Deformation measurements were carried out on the eastern side of the volcano, and the lengths of nine lines were determined using the GPS equipment. This is the first time that the eastern network has been fully remeasured, and the results will be available tomorrow. The seven lines of the western network were remeasured yesterday. The results were processed last night and all the line lengths had changed by less than one centimetre over the preceding three days. These changes are within the error of the technique. EDM measurements were made of the eastern triangle, but the results are still being processed.

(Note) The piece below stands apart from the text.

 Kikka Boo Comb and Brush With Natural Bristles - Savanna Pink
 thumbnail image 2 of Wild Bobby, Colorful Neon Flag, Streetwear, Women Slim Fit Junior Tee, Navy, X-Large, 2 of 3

The cloud conditions have been variable today, and some visual observations of the crater area have been possible. This morning, measurements of the new spine that was first seen yesterday showed that there had been no major changes overnight. The current height of the spine is 2940 ft. Another smaller spine in the southeast part of the dome was observed this morning. It is about 2/3 of the height of the main spine. The height of the dome measured today from the Observatory was 2840 ft, indicating no change in height since yesterday morning. During the day, scientists in the east heard near-continuous rockfalls, but there was no visible activity on the eastern side of the dome. It is possible that the focus of dome activity has shifted to the western crater.
Dr Joe Devine arrived in Montserrat last night to rejoin the scientific team. He will be on island for ten days to help with deformation fieldwork and make visual observations. Dr Laurence Donelly from the British Geological Survey arrived this morning for a six week visit.
Despite the slight decrease in the activity over the last 24 hours, the volcano remains extremely active, with continued dome growth at a high rate. The scientific team remains highly concerned by the current activity, and urge that visits to the evacuated zone are kept to a minimum. The Tar River, Long Ground and Whites areas are extremely dangerous, and should not be entered under any circumstances.